The former Storm administrators are not denying the systemic salary cap cheating took place, rather that sanctions handed to Parramatta and Cronulla in preceding years were egregiously more lenient.
The Herald reports that Moodie is also claiming the NRL did not follow its own rules, which required the Storm to be notified of the allegations in a breach notice and given five days to provide written submissions.
Rather, the breach notice was issued and sanctions handed down on the same day.
“We were going up to have a meeting to discuss this and all of a sudden the penalties were handed out,” Moodie said.
“The press release was already done before we got there.
“We went up for shoplifting and we got done for murder.”
Cameron Smith hits out at David Gallop
The fresh development comes after Storm captain Cameron Smith criticised then NRL CEO David Gallop in his new autobiography released this week.
The 430-game veteran alleged the players were “hung out to dry” before a thorough investigation was held.
“When people ask me who I’m most angry with for what happened they generally think I’ll say (CEO) Brian Waldron but it’s not,” Smith writes in ‘The Storm Within’.
“My anger is mainly directed at the NRL for the penalties they handed down and the way the whole matter was handled.
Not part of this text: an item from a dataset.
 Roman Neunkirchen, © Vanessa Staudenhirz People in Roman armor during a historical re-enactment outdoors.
And for that I blame David Gallop.
“By punishing us before undertaking a thorough investigation Gallop put the players in a position they should never have been in.
“It allowed the media to give the public the idea we had knowledge of what happened. We were hung out to dry by the boss of the game.”
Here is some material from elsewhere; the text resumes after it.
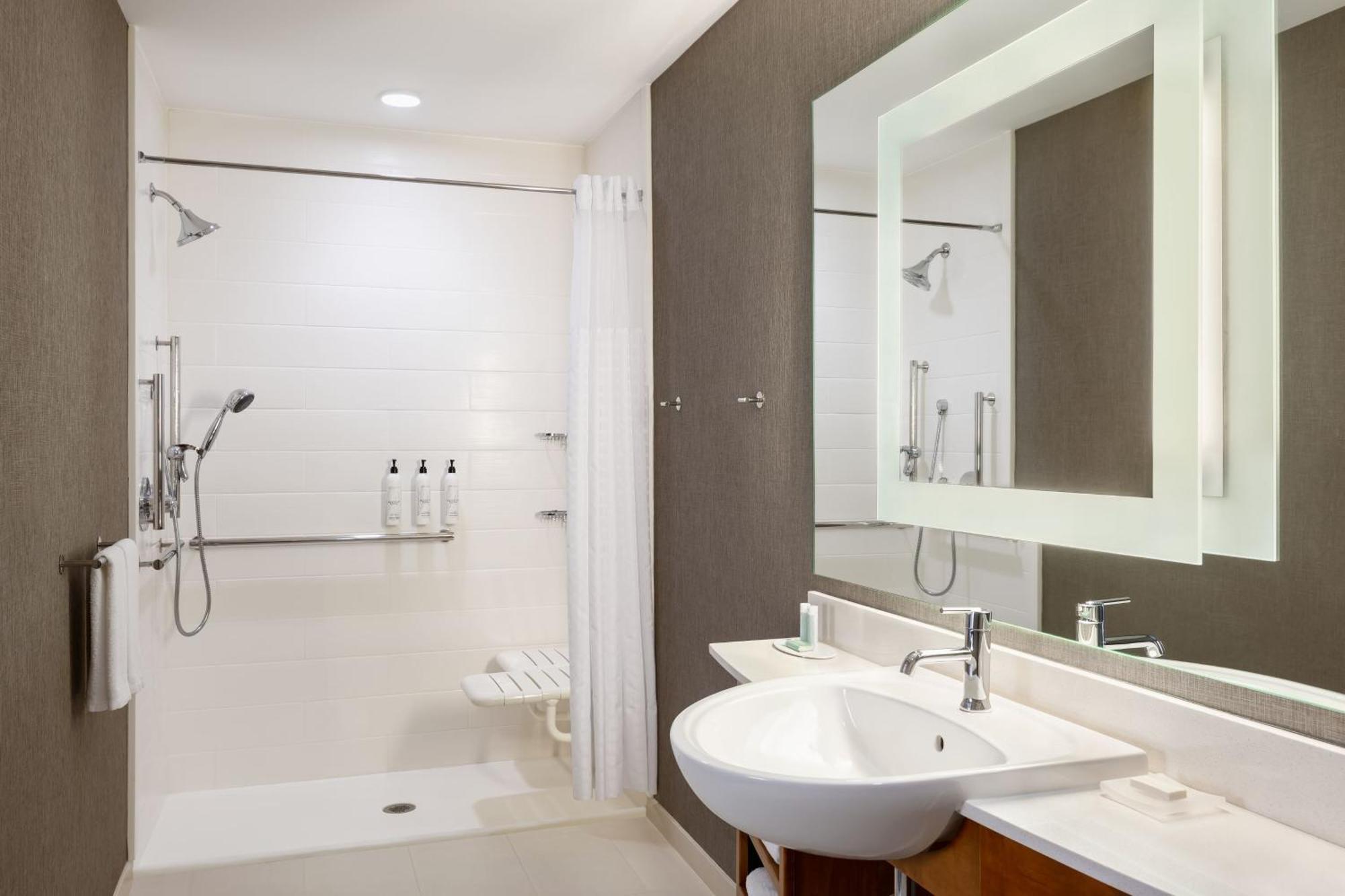 Springhill Suites By Marriott Wisconsin Dells Εξωτερικό φωτογραφία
Gallop responded in an article for The Daily Telegraph, saying Smith’s comments were “plain wrong”.
Gallop doubled down and claimed a subsequent investigation into the salary cap breach meant “the punishments were obvious and clear”.
The former NRL boss said claimed Smith should “direct his criticism to the culprits, not the NRL administration which acted fairly and appropriately on the facts in front of it.”
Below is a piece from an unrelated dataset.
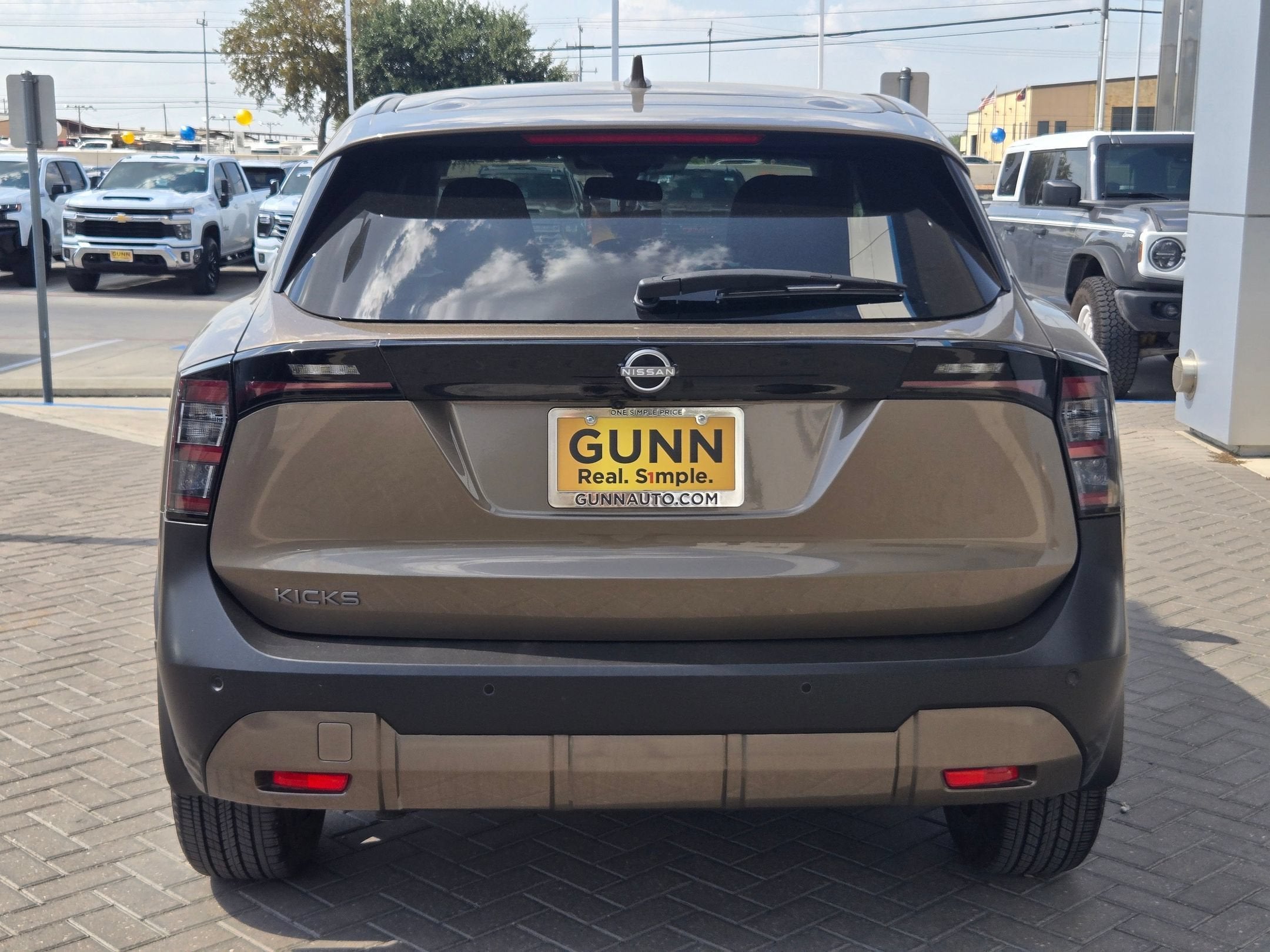 2025 Nissan KICKS MPV SV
Veteran rugby league writer Phil Rothfield defended Gallop following Smith’s criticism.
Rothfield claimed there was a thorough investigation and said he “agreed” with the NRL’s punishment.
“There’s been enormous controversy over his salary cap claims, him slamming the NRL management and David Gallop over the handling of the salary cap affair, how they were stripped of two premierships and he broke down and cried,” he said on Sky Sports Radio’s Big Sports Breakfast.
“I feel sorry about all those Storm players who were unaware that their contracts were illegal but as David Gallop explains, it was a pretty thorough investigation and it was obvious they were spending millions of dollars more than any other club in the game.
“So it was unfair and I agree with their decision to strip the premierships.”